Morgan Ricketts, an attorney for anti-oil activist Chris Miller, issued a press release last Monday stating that an investigator hired to examine an election-night incident “was in fact working as the city’s attorney [italics in original]” instead of being “neutral, unbiased and independent.”
The city rejected the characterization. Council member Jeff Duclos described the release as part of “a legal strategy meant to incite people.” The strategy appears to have worked, with critical reaction to the news dominating public comment period at a city council meeting the following day.
Miller is currently suing the city, Police Chief Sharon Papa, Officer George Brunn, the Chamber of Commerce and Visitor’s Bureau, and former chamber president Ken Hartley in federal court. Her claims stem from the evening of March 3, 2015, when Miller and others were celebrating the defeat of Measure O at the Standing Room on Hermosa Avenue. Officer Brunn, who was writing a ticket nearby, claims to have recognized Miller in the crowd and to have heard her leading the crowd in chanting obscenities about the police.
Brunn formalized his observations in a report eight days later. On March 23, Chief Papa sent a letter to Hartley reporting Brunn’s observations. Miller was subsequently removed from her position on the chamber board, forming the basis of the damages she seeks in her suit.
In May of last year, the city hired Donna Evans to serve as an independent investigator into the incident and the city’s response. In January of this year, Ricketts filed a discovery request seeking “all documents created by” Evans regarding the incident. The city’s Feb. 17 response said that the request violates the attorney-client privilege because “Evans is an attorney hired by the City of Hermosa Beach.” (Case law allows entities like cities and corporations to claim the attorney-client privilege.)

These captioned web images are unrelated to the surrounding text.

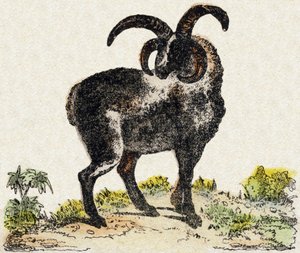 Schaf. Gravur in "Alphabet des animaux sauvages". 9. Serie. Bilder von Epinal, Pellerin, Drucker-Verleger, um 1870. Holzschnitte, schabloniert. 16 Seiten. Dim: 20 x 15 cm. Private Sammlung. von French School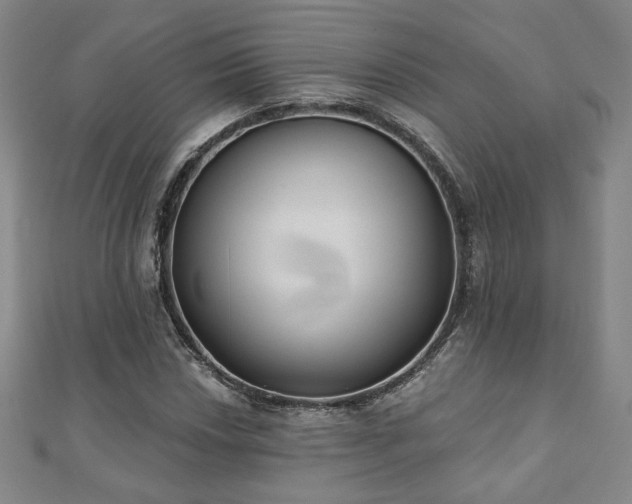X0000110861018200906181137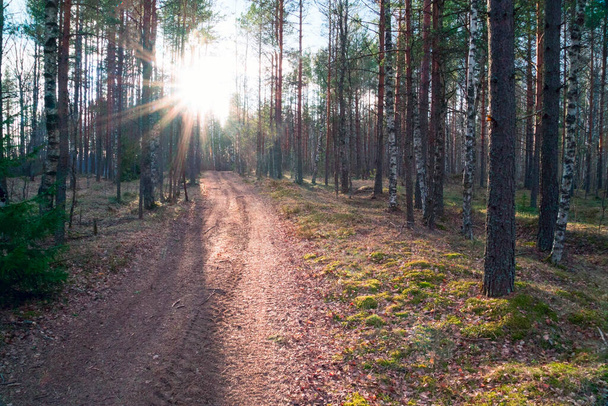 Road in the forest in early spring. Vsevolozhsk. Leningrad region - Fotoğraf, Görsel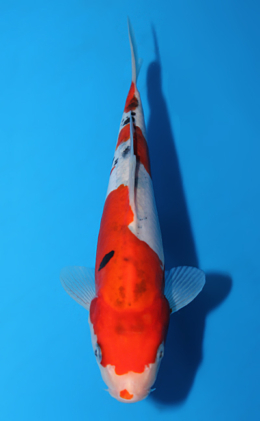 Doitsu Tancho Sanke - koi #x0717a018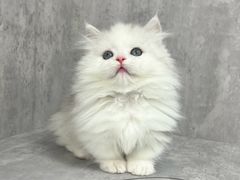 -小猫来了·猫舍(红山六九七九店)
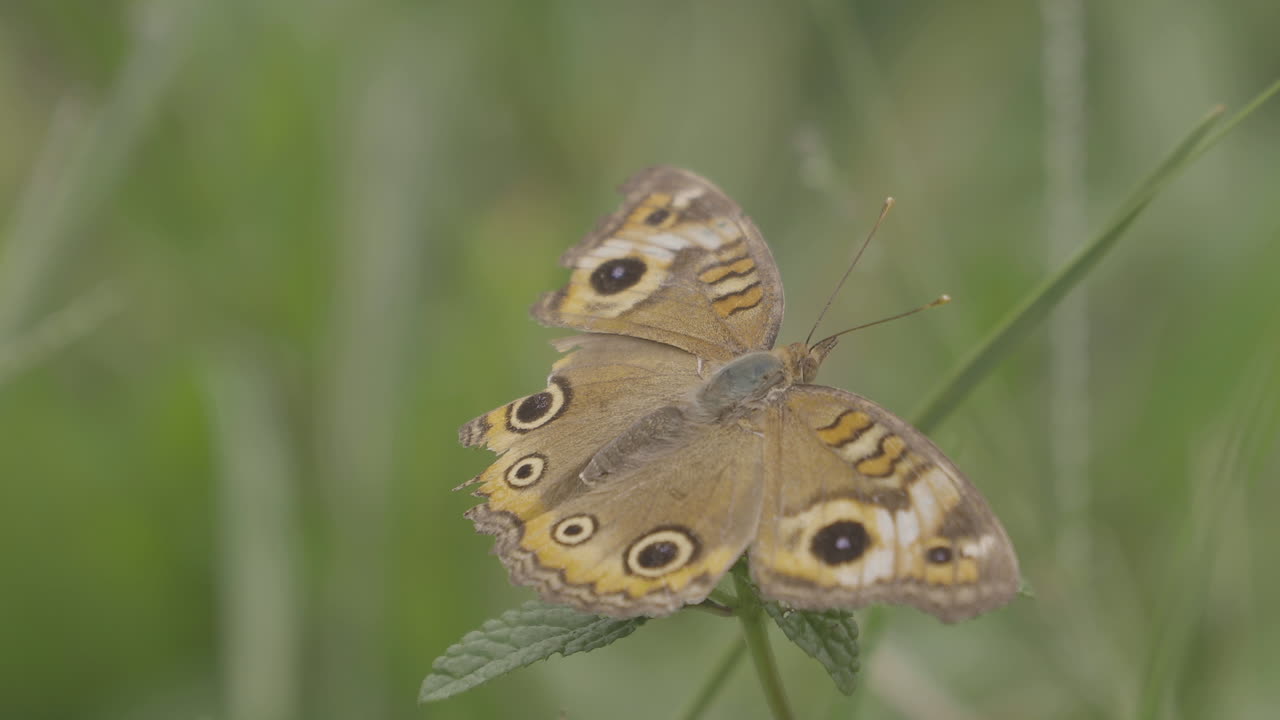 Farfalla marrone e gialla sull'erba.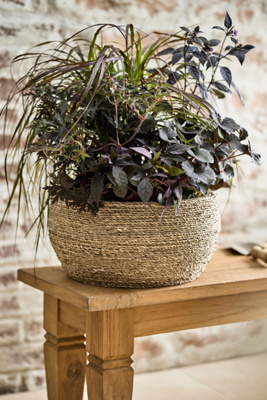 TERRAIN WOVEN SEAGRASS + FIBER TAPER BOWL PLANTER
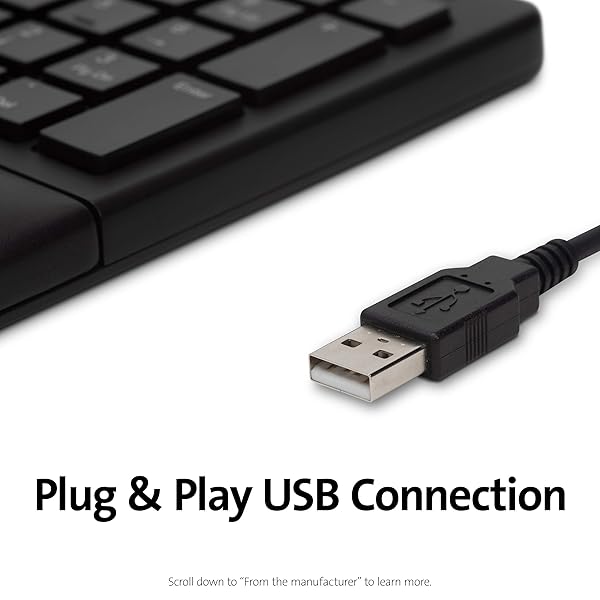 Kensington Buy Kensington Pro Fit Ergonomic Wired Keyboard (K75400US) - Comfortable Black Design for Enhanced Productivity - View 8 of 8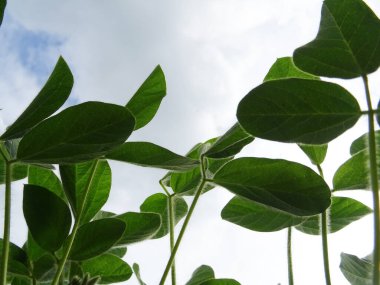  Growing soybeans in natural conditions, plants with flowers and beans in the field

City officials maintain that although they paid Evans, she was not representing them. In a letter to Evans dated April 30, 2015, City Manager Tom Bakaly outlined the city’s goals for a “neutral fact-finding administrative investigation.” The agreement, in which the city is referred to as “Client,” sets out the “‘limited scope legal services’” Evans had been hired to perform.
“Client understands that Attorney has not been retained to represent Client in litigation, to advocated on behalf of Client, or to advise Client in regard to any steps Client should take based on the investigative results,” the agreement states.
Some residents nonetheless felt deceived. In an email exchange dated April 29, 2015 between Bakaly and resident Katrina Bacallao, Bacallao asks a number of questions about the provenance of the investigator. Bakaly discloses that Evans is under contract with the city, but does not mention that Evans’s name was suggested by Hermosa Beach Police Capt. Milton McKinnon.
In an email sent to the City Clerk for public comment at the council meeting, Bacallao referred to Ricketts’s press release, and promised city officials, “You will be held accountable by the residents of this city.”
Mayor pro tem Hany Fangary, who was present at the Standing Room March 3 and was also interviewed by the investigator, defended the city’s strategy.
“Ms. Evans was not hired to defend the city,” Fangary said. “But the city is entitled to the work-product privilege. Any city, any municipality would take advantage of this.”